El upsherin - que en Yiddish significa “cortar” – marca el comienzo de la educación judía formal de un niño, pero representa el fin de su primera infancia. Antes ya había pasado por su bris milá o circuncisión, pero - por suerte - no poseía recuerdo alguno, pues tenía ocho días de nacido, cuando un mohel, un experto en ese procedimiento y ritual, con una pequeña cuchilla le había extirpado circularmente una parte de la piel que le recubría la cabeza del pene.
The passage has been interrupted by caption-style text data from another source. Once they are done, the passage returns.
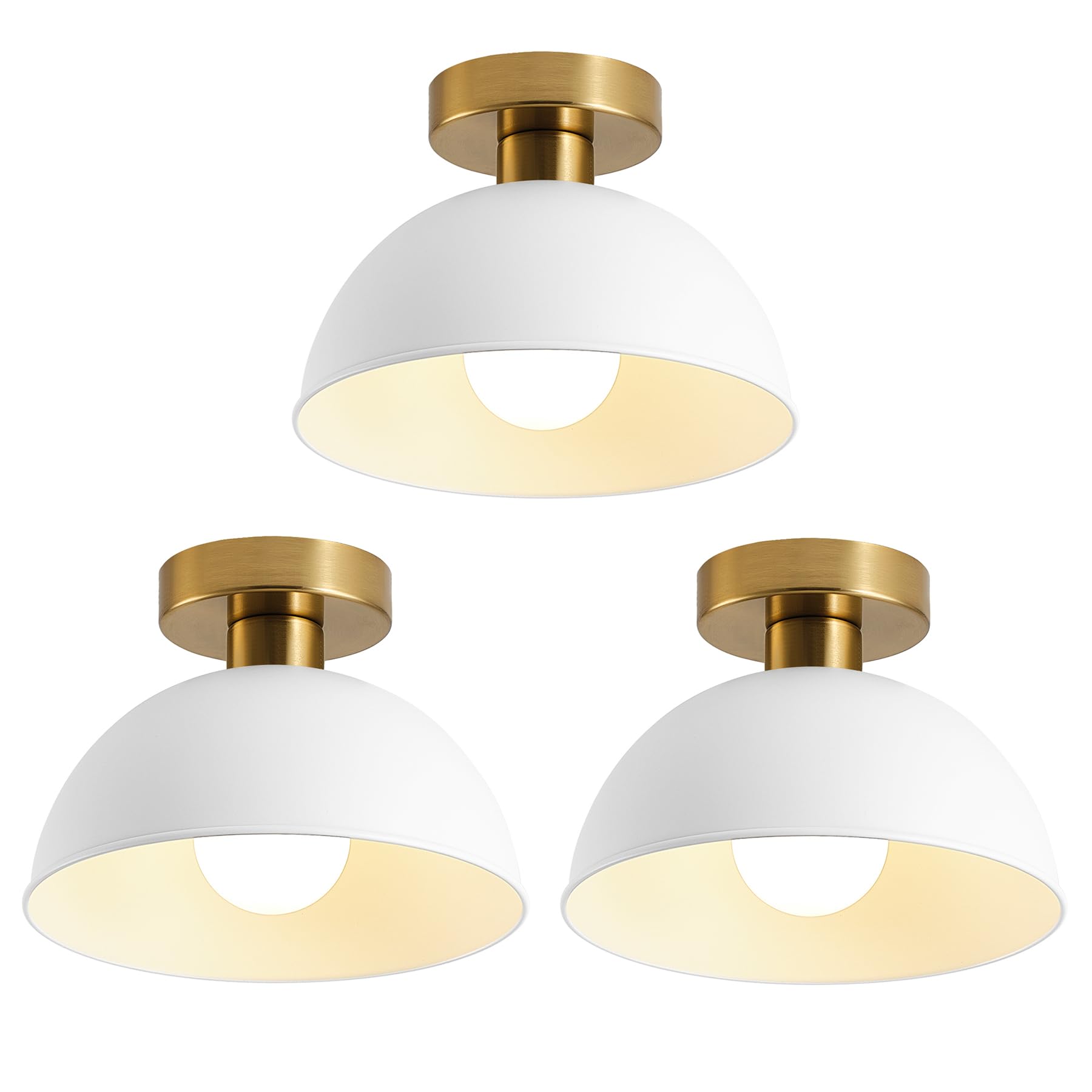 MIAOMEIO 3-Pack Industrial Semi Flush Mount Ceiling Light with Gold Plate and White Shade, Farmhouse Ceiling Light Fixture for K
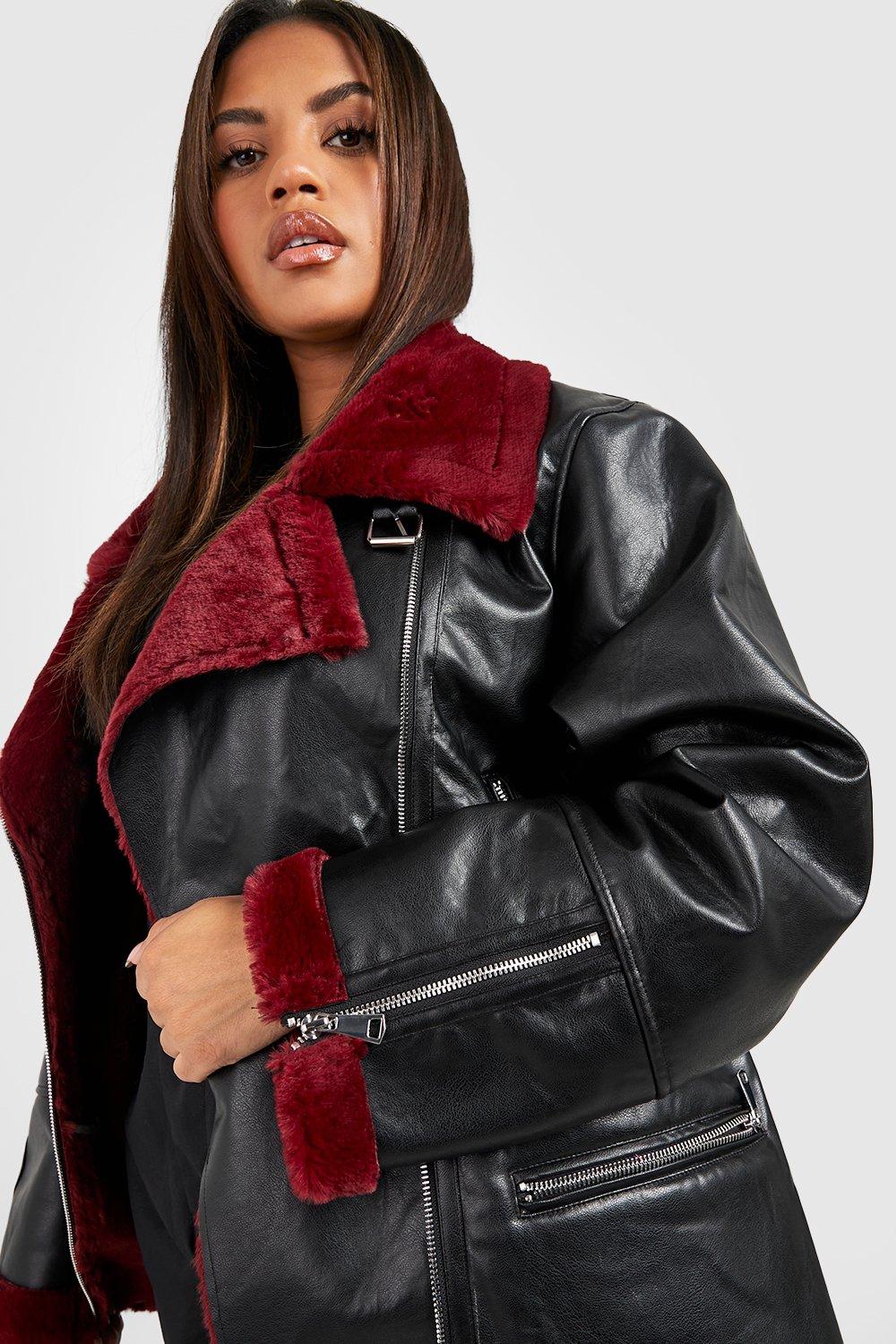 Red leather jacket on sale boohoo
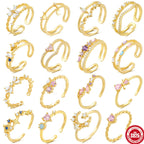 S925Sterling Silver Ring Micro Pave Colored Diamond Ring New Double Layer Design Sense Strong Open Ring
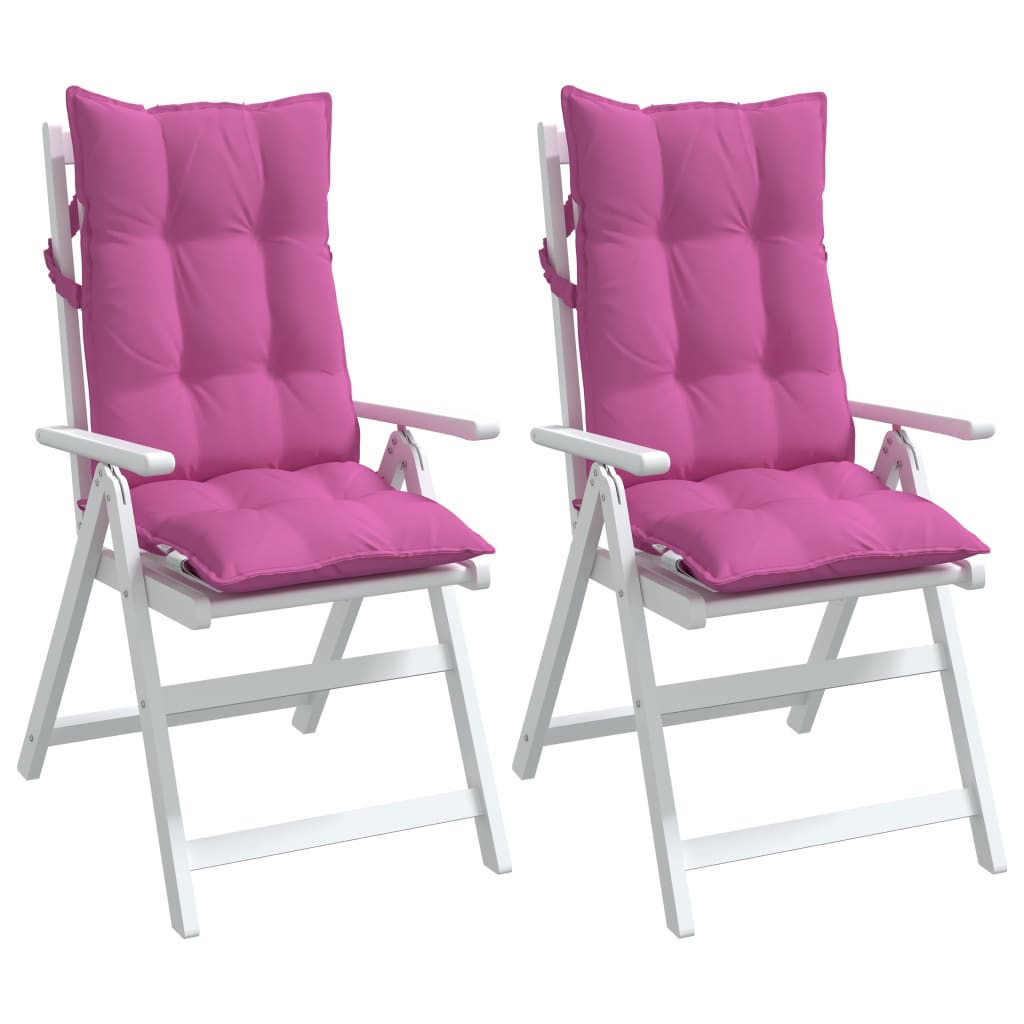 Coussins de chaise à dossier haut lot de 2 rose tissu oxford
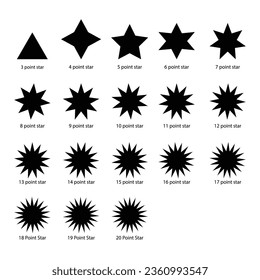 Estrellas diferentes: conjuntos de colores negros para las estrellas navideñas, celebraciones de festivales, diseño web o de juegos e iconos de aplicaciones.Formas básicas vectoriales. estrellas retro. Elementos de diseño de vector plano.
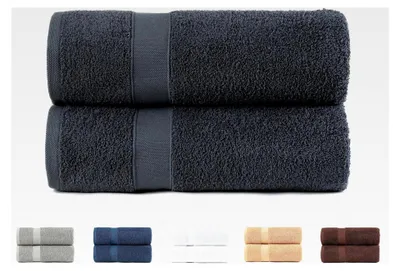 Produktbild von 2 große Badetücher, 100% Baumwolle, 550 g/m², extra weich, saugfähig und schnell trocknend, Maße 100 x 150 cm, Dunkelgrau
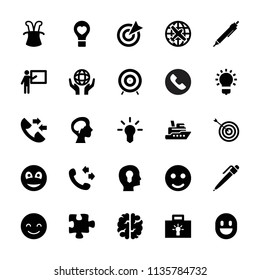 Idea icon. collection of 25 idea filled icons such as plane, target, call, pen, puzzle, smile, teacher, smiling emot, ship, magic hat. editable idea icons for web and mobile.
Su madre le contó que los gritos se debieron haber escuchado en todas las  esquinas del porteño barrio de Once y que lloró desconsoladamente como diez minutos, a pesar de que rápidamente se le hizo un coágulo y dejó de sangrar.   
Durante la ceremonia judía, este otro día, en la sinagoga, un rabino cortó su larga cabellera y le hizo sumergir los dedos en miel y se los puso sobre las letras hebreas. Luego su madre le confesó que ello traería a casa la dulzura del estudio y el conocimiento necesarios. Entonces, se repartieron chupetines con forma de Torá y el primer mechón de sus cabellos rizos fue a parar a mano del rabino, mientras un músico interpretaba canciones hebreas y sus parientes más cercanos cortaban el resto del pelo largo, que caía en mechones abundantes al piso. Le acaban de cercenar, de nuevo y por segunda vez, el cordón umbilical con su madre. Lo lanzaban a la adultez irremediablemente y – en esta ocasión también - sin contar con su aprobación.   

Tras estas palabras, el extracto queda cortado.